A Knife And What?

  

     My dear and elegant cousin Timothy, happily retired from the London rat race and blissfully married to the nicest man in the world, has taken to whiling occasional afternoons by serving tea at a friend’s teashop, a pretty little place with the impossibly charming name of The Cobbles, serving delectable fare in the absurdly picturesque little English country town of Rye, in Sussex. It is a job in which he says he’s having more fun in paid employment than he has ever before in his life: his commute involves neither crowded train carriage nor busy city streets but a pleasant stroll through a series of leafy lanes; his colleagues are congenial, his stress minimal, and his clientele nothing short of delightful, because who isn’t in a good mood when taking tea in a tea shop called The Cobbles?

       The other day, he was summoned to table by a customer, a well-dressed not-English lady in well-groomed late middle age.

       “Excuse me, please,” she said politely, in what was mostly excellent English. “If you would be so kind, I would like you to give me …” and went on to make a request that Timothy says no one has publicly made of him for years, and certainly not over Earl Grey and a slice of Victoria sponge sandwich in a teashop on the appropriately cobbled streets of Rye.

       “What did you just say?” he said, after he had at last located his vocal chords.

       The customer leaned forward a little in her chair.

       “I would like,” she repeated, obligingly, in slightly elevated tones. “A (bleep).” And pointed a tastefully manicured finger across the room to the counter, where sat the object of her desire.

       “Oh,” said Timothy, and went to bring her that which she had requested.
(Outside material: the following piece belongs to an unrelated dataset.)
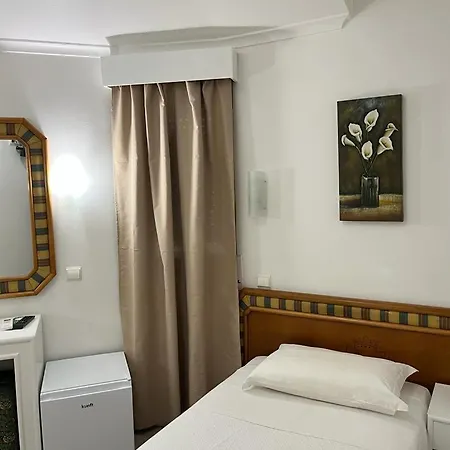 호텔 Real Caparica 2*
       “Thank you,” said the customer, flashing her pearly white teeth in acknowledgement.

       “You’re welcome,” said Timothy. “But in case you ever want to ask for it again, I should tell you that it’s pronounced fork.”

       The customer smiled, and nodded her impeccably coiffured head.
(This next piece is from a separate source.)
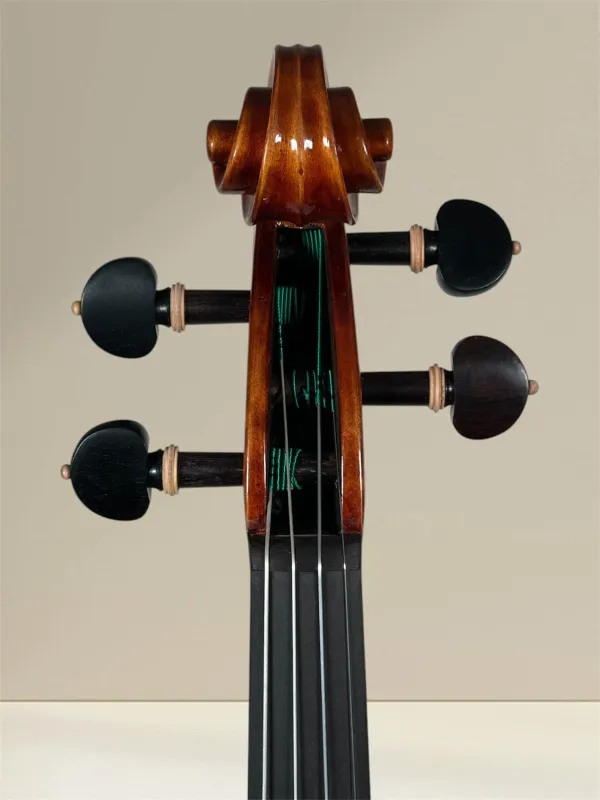 Maestro 26 Guarneri Violine 4/4 Schneckeansicht vorne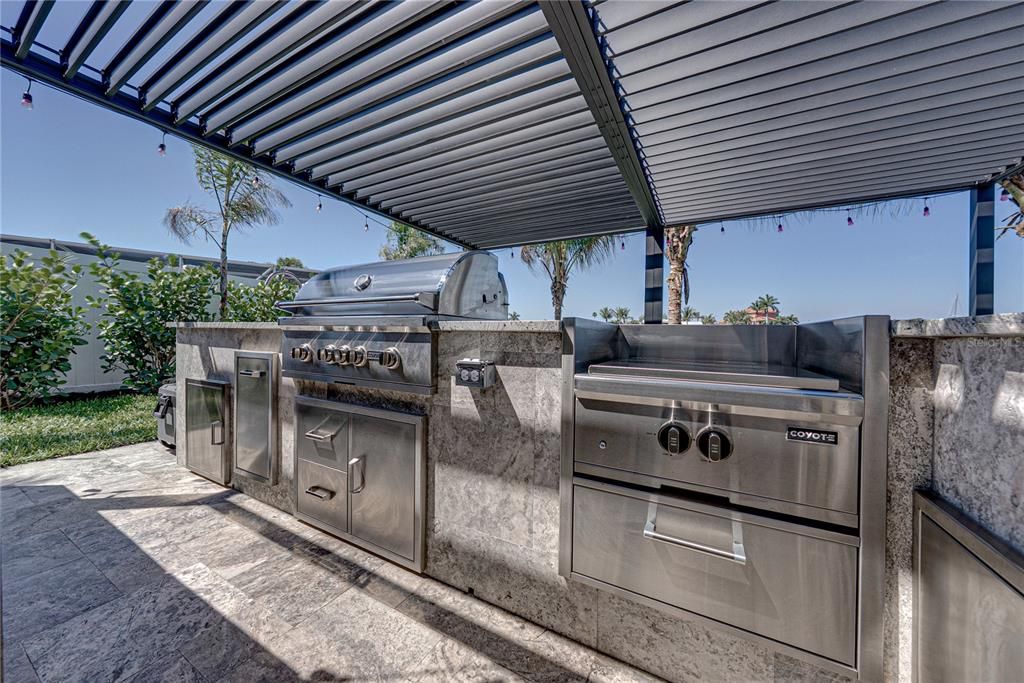 For Sale: $1,849,000 (4 beds, 3 baths, 2014 Square Feet)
       “(Bleep),” she agreed, sunnily.

       “No,” said Timothy, who is a  kindhearted man and did not like to think of this pleasantly smiling lady’s embarrassing herself on her further travels through England’s green and pleasant land. “It’s not a (bleep). You really mustn’t call it that. It’s a fork.”

       The customer furrowed her perfectly plucked eyebrows in concentration.

       “(Bleep),” she echoed carefully.

       “Fork,” said Timothy. “Faawk. Or, if you’re American, you can say forrrk. But please don’t say (bleep), it’s a bad word in English and if you say it in the wrong place, it might get you into trouble.”

       The customer pursed her discreetly rosy lips, took three deep breaths beneath her perfectly tailored jacket, and raised her head high.

       “(Bleep)!” she shouted in triumph.

       She beamed proudly. Timothy sighed inwardly.

       “It is also called,” she added helpfully, “a utensil.”

       “It is indeed,” Timothy affirmed, feeling that he had done what he could.

       The customers at the next table were laughing so hard at this exchange that they nearly fell headfirst into their scones and jam, although whether their object of their amusement were their fellow customer or Timothy himself, Timothy says he could not be entirely sure. But adds that, as they had included a more than generous tip in their bill for the entertainment value, he is prepared to waive the question.